The data section start

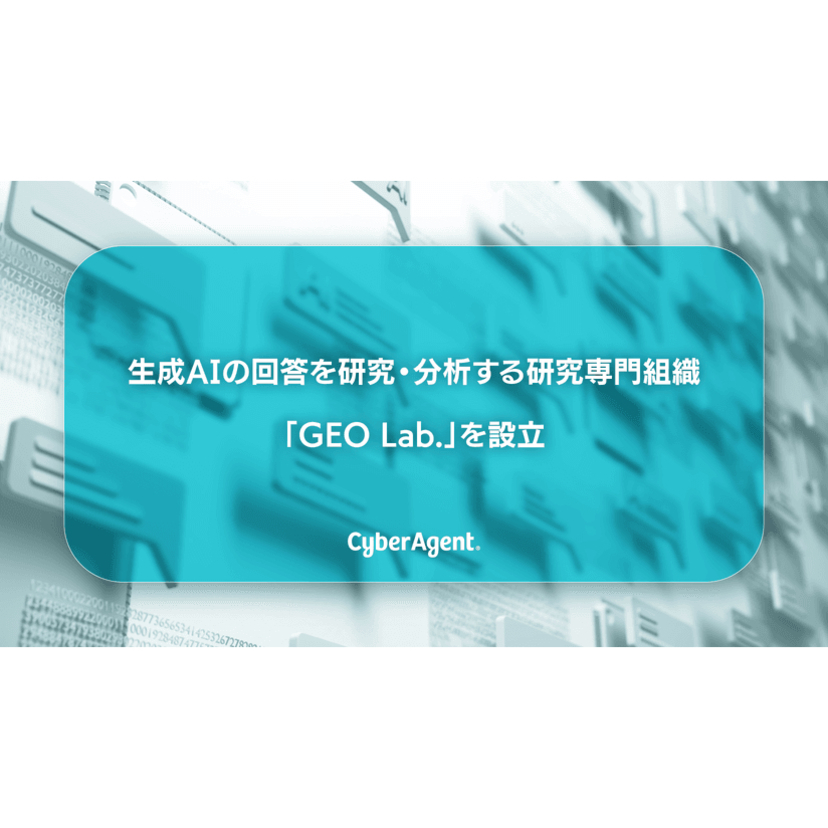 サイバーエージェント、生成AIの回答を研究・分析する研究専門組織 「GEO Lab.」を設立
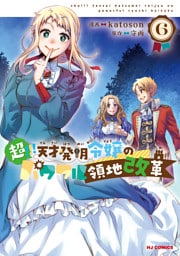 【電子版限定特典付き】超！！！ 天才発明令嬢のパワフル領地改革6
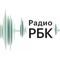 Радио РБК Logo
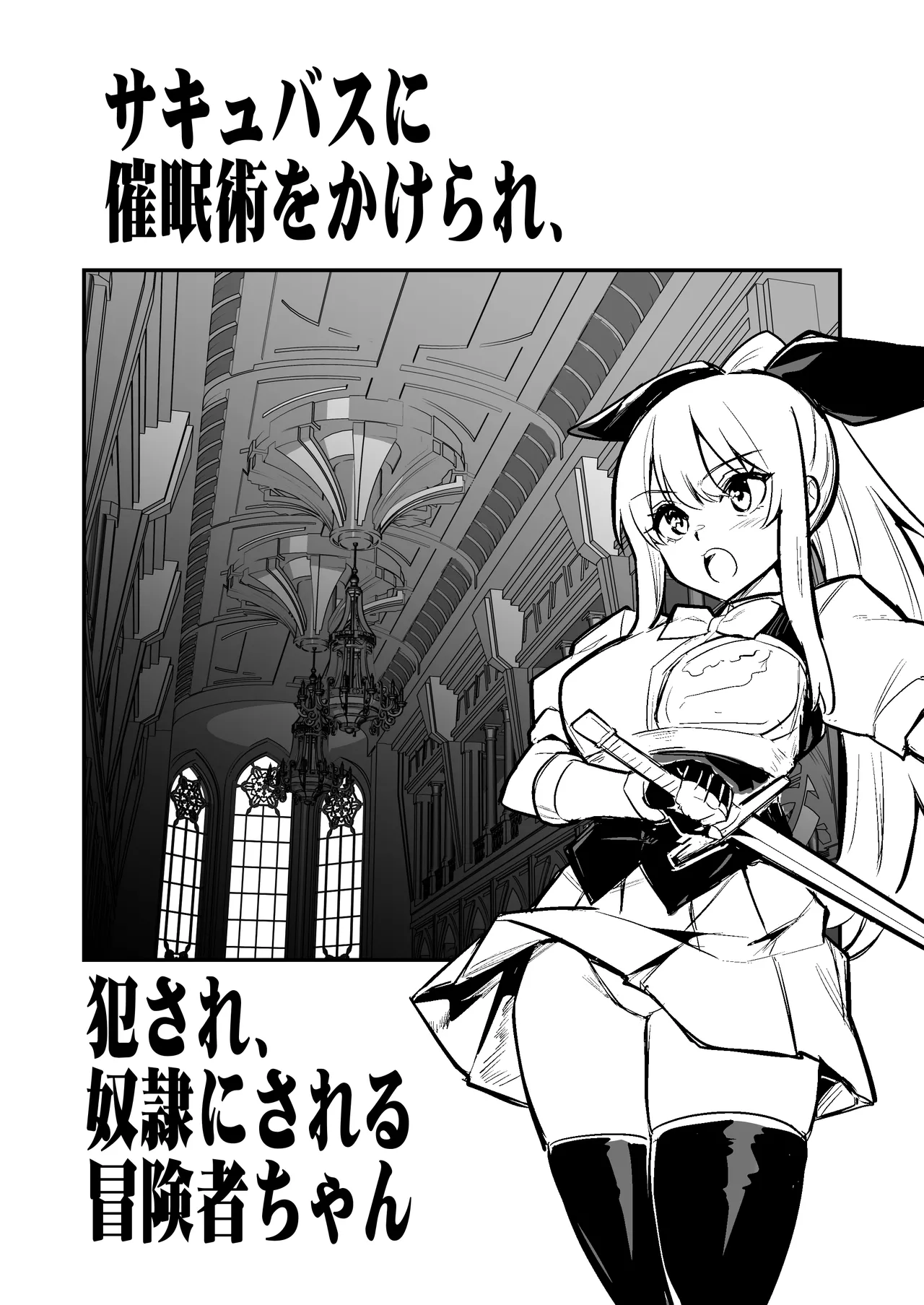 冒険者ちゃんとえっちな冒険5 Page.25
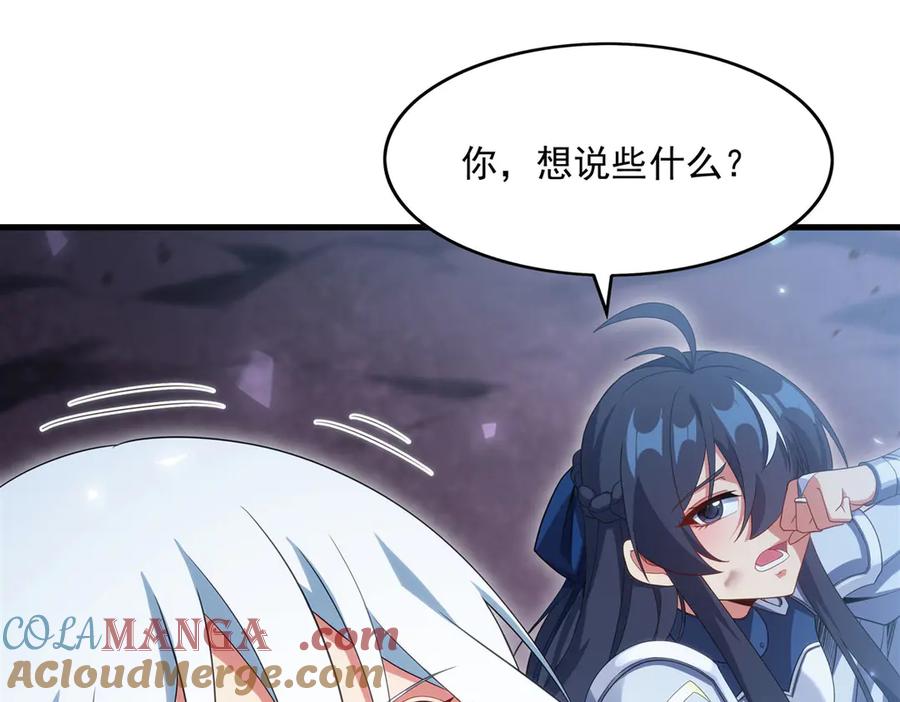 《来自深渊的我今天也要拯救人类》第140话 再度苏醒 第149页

The data section end

Task prompt =
With the pictures left aside, set down each entry above exactly as it stands.

Output below =
 サイバーエージェント、生成AIの回答を研究・分析する研究専門組織 「GEO Lab.」を設立
 【電子版限定特典付き】超！！！ 天才発明令嬢のパワフル領地改革6
 Радио РБК Logo
 冒険者ちゃんとえっちな冒険5 Page.25
 《来自深渊的我今天也要拯救人类》第140话 再度苏醒 第149页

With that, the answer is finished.